[Collection entries]
"""

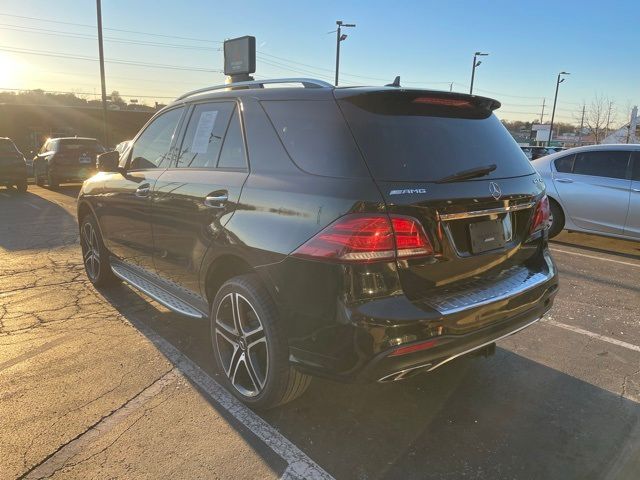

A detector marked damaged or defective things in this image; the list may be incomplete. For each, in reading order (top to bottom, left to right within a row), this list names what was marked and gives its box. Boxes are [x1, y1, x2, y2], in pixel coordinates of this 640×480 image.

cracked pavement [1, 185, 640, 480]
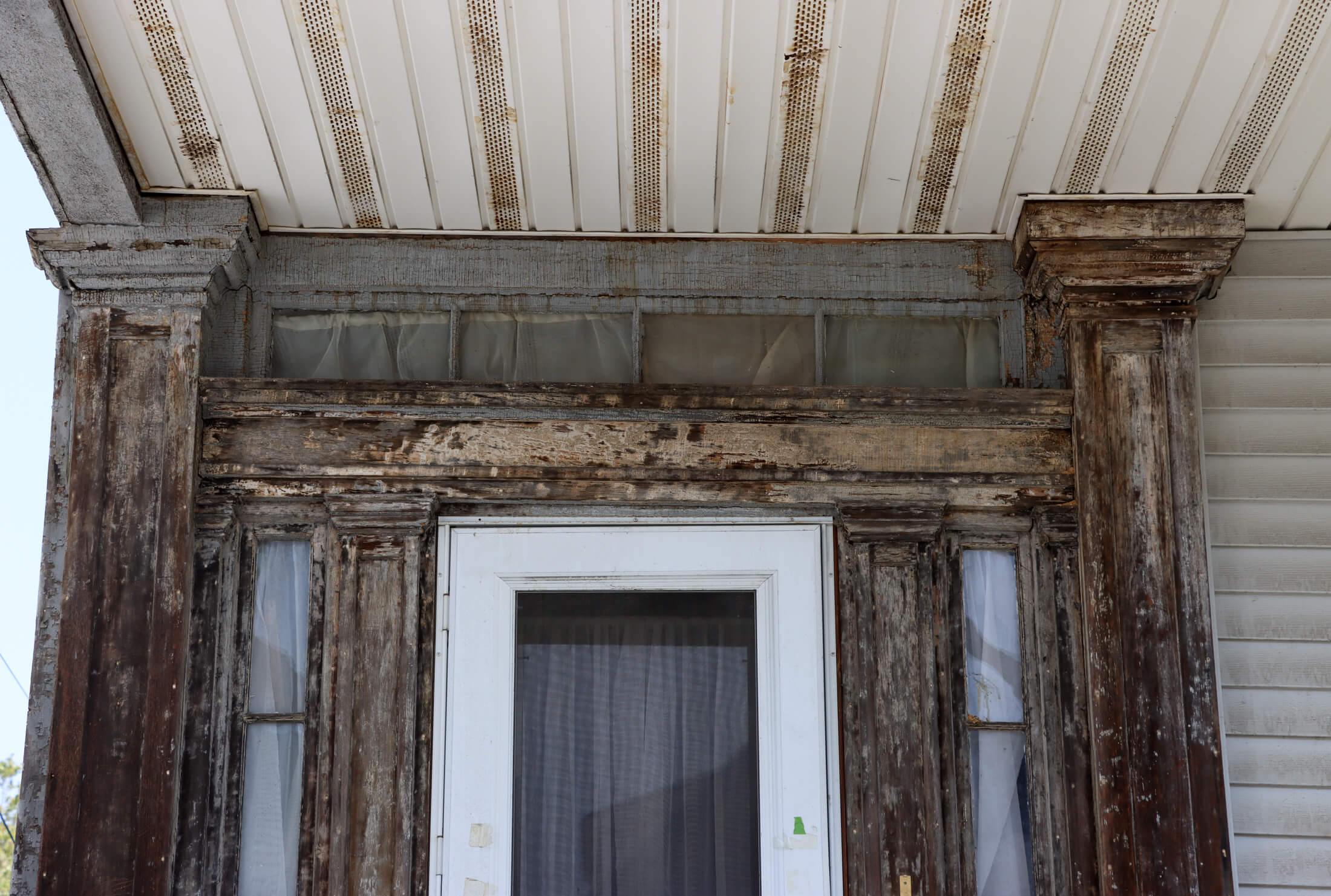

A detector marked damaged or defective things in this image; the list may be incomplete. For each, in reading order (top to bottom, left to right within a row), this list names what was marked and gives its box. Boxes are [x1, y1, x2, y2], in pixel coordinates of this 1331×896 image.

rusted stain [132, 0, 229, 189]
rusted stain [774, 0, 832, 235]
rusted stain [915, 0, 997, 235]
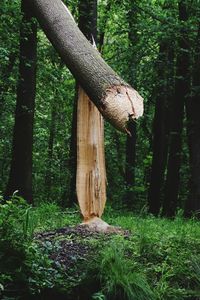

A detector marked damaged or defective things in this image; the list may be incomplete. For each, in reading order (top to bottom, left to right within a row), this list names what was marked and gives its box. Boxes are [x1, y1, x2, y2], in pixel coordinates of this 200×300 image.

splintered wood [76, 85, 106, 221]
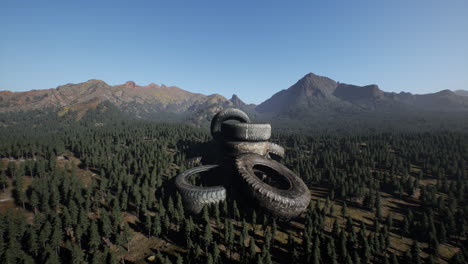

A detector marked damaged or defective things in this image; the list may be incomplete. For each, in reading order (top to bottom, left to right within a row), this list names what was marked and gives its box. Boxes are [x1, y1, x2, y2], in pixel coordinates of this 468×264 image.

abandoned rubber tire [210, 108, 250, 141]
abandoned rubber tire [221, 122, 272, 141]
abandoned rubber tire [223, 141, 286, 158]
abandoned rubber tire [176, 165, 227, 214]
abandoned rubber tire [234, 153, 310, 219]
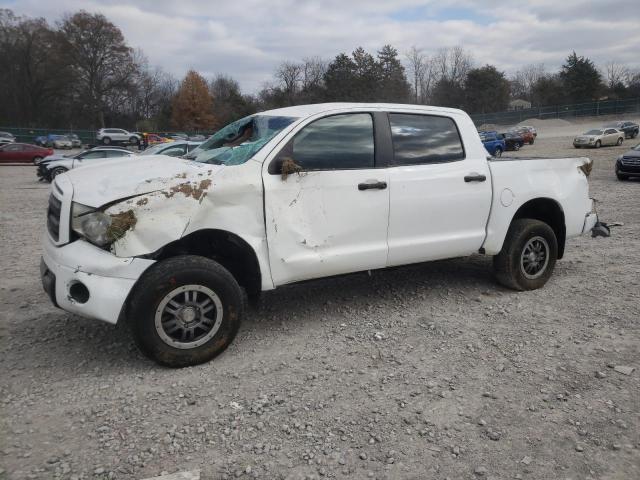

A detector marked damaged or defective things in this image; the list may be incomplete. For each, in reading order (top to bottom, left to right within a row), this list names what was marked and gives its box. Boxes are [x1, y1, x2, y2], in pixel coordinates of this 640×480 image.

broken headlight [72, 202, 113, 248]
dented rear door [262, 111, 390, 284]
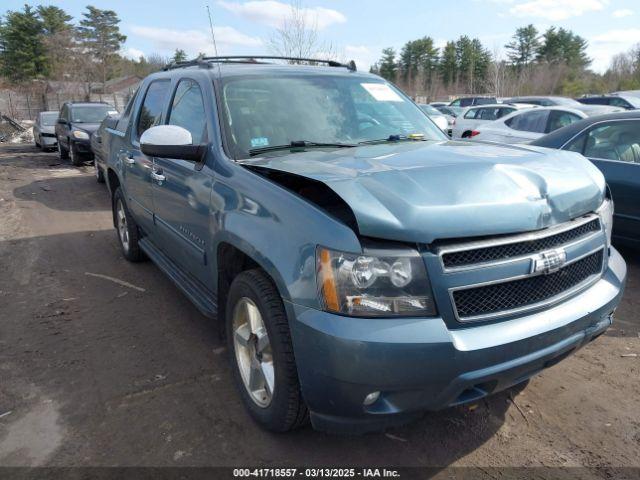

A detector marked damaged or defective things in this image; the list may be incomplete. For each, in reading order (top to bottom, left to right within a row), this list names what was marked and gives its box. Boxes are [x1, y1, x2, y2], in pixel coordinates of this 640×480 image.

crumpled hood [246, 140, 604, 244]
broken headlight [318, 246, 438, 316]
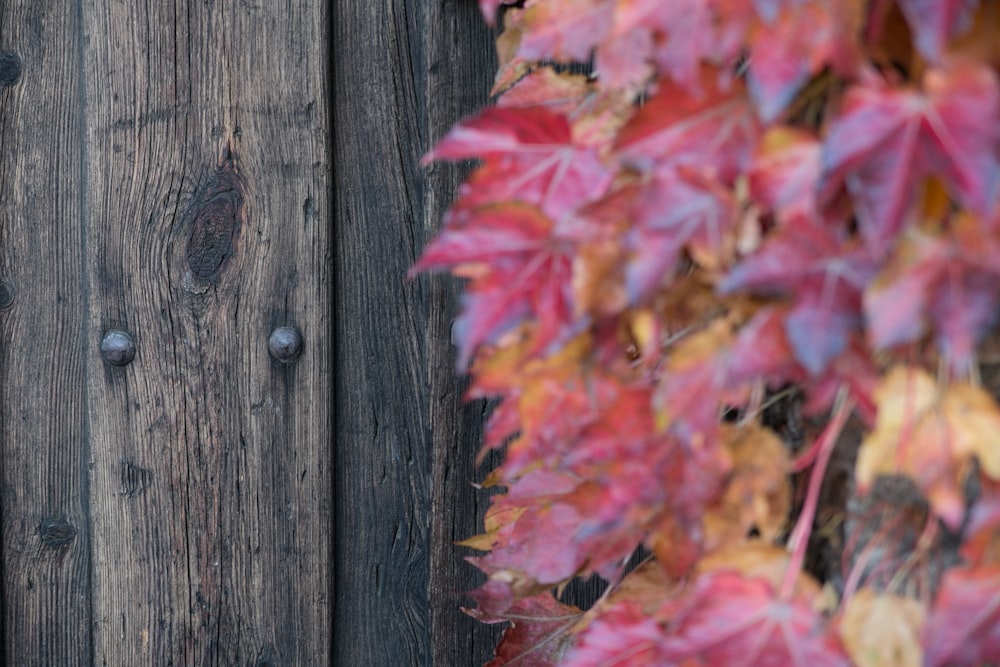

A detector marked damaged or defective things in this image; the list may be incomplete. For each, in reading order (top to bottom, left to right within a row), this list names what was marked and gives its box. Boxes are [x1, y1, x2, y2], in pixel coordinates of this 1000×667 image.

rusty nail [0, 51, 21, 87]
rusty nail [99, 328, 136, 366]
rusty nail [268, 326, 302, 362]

"""

# ACTIVITY
Except for the pictures, copy every line of the records above exactly.

# RESPONSE AREA
A detector marked damaged or defective things in this image; the list may be incomplete. For each, in reading order (top to bottom, left to right within a row), this list names what was marked and gives its box. Boxes are [x1, y1, x2, y2], in pixel coordinates of this 640×480 image.

cracked pavement [1, 185, 640, 480]

A detector marked damaged or defective things in this image; the list may be incomplete. For each, in reading order (top to bottom, left to right within a row), this list names what was marked and gives its box. Boxes are [x1, y1, x2, y2], in pixel coordinates of this 1331×896 image.

rusted stain [132, 0, 229, 189]
rusted stain [774, 0, 832, 235]
rusted stain [915, 0, 997, 235]

A detector marked damaged or defective things in this image; the list may be incomplete. For each, in reading order (top to bottom, left to right within a row), this list names what was marked and gives its box. Boxes are [x1, y1, x2, y2], in pixel coordinates of this 200×300 image.

splintered wood [76, 85, 106, 221]

A detector marked damaged or defective things in this image; the list may be incomplete. For each, in reading order (top to bottom, left to right within a row), this list names what was marked and gives its box. Boxes are [x1, y1, x2, y2], in pixel coordinates of this 468×264 image.

abandoned rubber tire [210, 108, 250, 141]
abandoned rubber tire [221, 122, 272, 141]
abandoned rubber tire [223, 141, 286, 158]
abandoned rubber tire [176, 165, 227, 214]
abandoned rubber tire [234, 153, 310, 219]

A detector marked damaged or defective things in this image; the list may be incomplete. For each, in reading order (top to bottom, left to right within a row), this list names what was marked and gives its box. Boxes are [x1, y1, x2, y2], in pixel coordinates of this 640×480 image.

broken headlight [72, 202, 113, 248]
dented rear door [262, 111, 390, 284]

A detector marked damaged or defective things in this image; the list may be incomplete. For each, in reading order (top to bottom, left to right within a row), this list names what was marked and gives its box. Boxes are [x1, y1, x2, y2], in pixel coordinates of this 640×480 image.

crumpled hood [246, 140, 604, 244]
broken headlight [318, 246, 438, 316]

A detector marked damaged or defective things in this image; the list may be incomplete. For each, in reading order (top to bottom, left to right within a row), this list names what was marked and gives its box. Boxes are [x1, y1, x2, y2], in pixel coordinates of this 1000×667 image.

rusty nail [0, 51, 21, 87]
rusty nail [99, 328, 136, 366]
rusty nail [268, 326, 302, 362]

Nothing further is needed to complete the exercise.